En altijd is daar weer die vraag: hoe kunnen we onze kinderen zo begeleiden naar volwassenheid dat ze een goed gevoel ontwikkelen voor wanneer ze welke dingen kunnen zeggen, kunnen doen, kunnen bepleiten? Leef je ze voor dat het beter is botsingen uit de weg te gaan, omdat die de sfeer verpesten? Of leef je ze voor dat het belangrijk is om dingen aan de kaak te stellen, omdat ze elders, in een andere context niet alleen de sfeer, maar het alledaagse bestaan van mensen verpesten? Of leef je ze een middenweg tussen die twee voor, dus soms het één en soms het ander? Van wie ‘pikken’ we waarschuwingen over wat er wel en niet deugt in de wereld en van wie niet? Maakt het wat uit, of Rutte of Obama of een moslim-activist het zegt? Kunnen we luisteren naar de boodschap an sich, zonder die meteen ten onrechte op onszelf te betrekken of juist ten onrechte verre van ons te werpen? In die context bekeek ik het onderstaande filmpje, dat mijn man op Youtube tegenkwam, nadat op 29 januari 2015 de NOS-studio was bezet door iemand die mogelijk banden had met deze Anonymous-groep. Luister er maar eens naar:



Ik gruwel persoonlijk van de wraakzuchtige woorden die vanaf 3’17” worden gesproken, maar voor de rest zit er veel in de tekst waar je het op goede gronden mee eens kunt zijn.
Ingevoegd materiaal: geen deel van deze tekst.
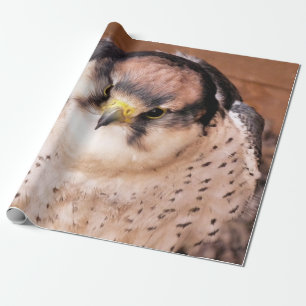 PAPIER CADEAU LANNER FALCON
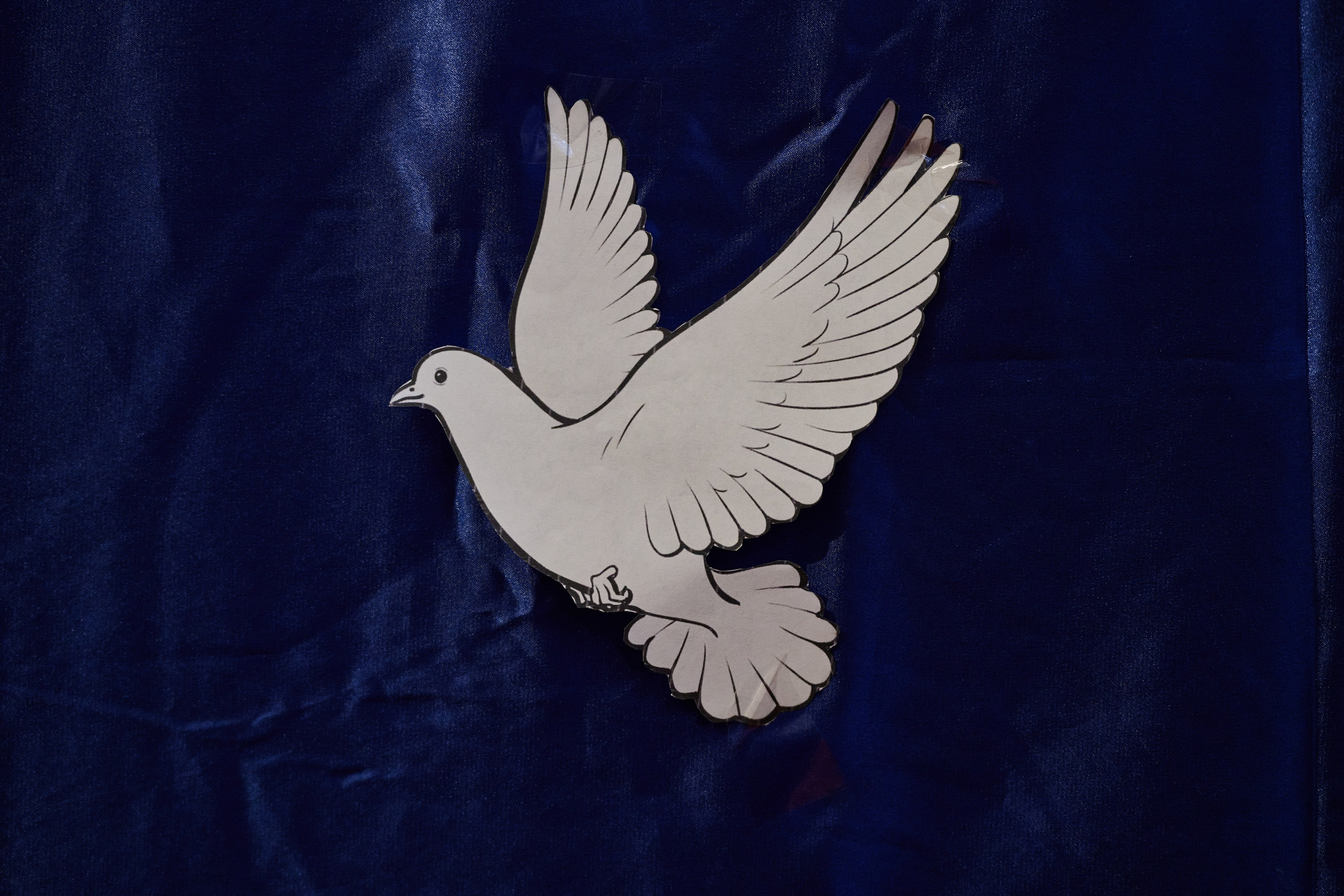 Краснореченское (Луганская область). Ноябрь 2024. Фотограф Роман Адлер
Het is zonneklaar dat er censuur wordt gepleegd bij nieuwsreportages en dat de highly important context van de lokale omstandigheden niet wordt meegewogen, dat geld om de banken en de economie te ‘redden’ out of thin air ineens beschikbaar is, maar dat geld voor persoonsgebonden budgetten, goede kraamzorg, lactatiekundige zorg of vluchtelingen niet gevonden kan worden, dat grootschalige migratie wordt veroordeeld, maar dat het VOC-verleden wordt geroemd.
Het is een vreemde wereld, waarin we onze kinderen zien opgroeien en waarin we ze liefst empathisch en blijmoedig in het leven zien staan. Ik wens iedereen wijsheid bij het dag aan dag maken van keuzes en het beschouwen van gebeurtenissen. En bedenk… it’s all highly contextual!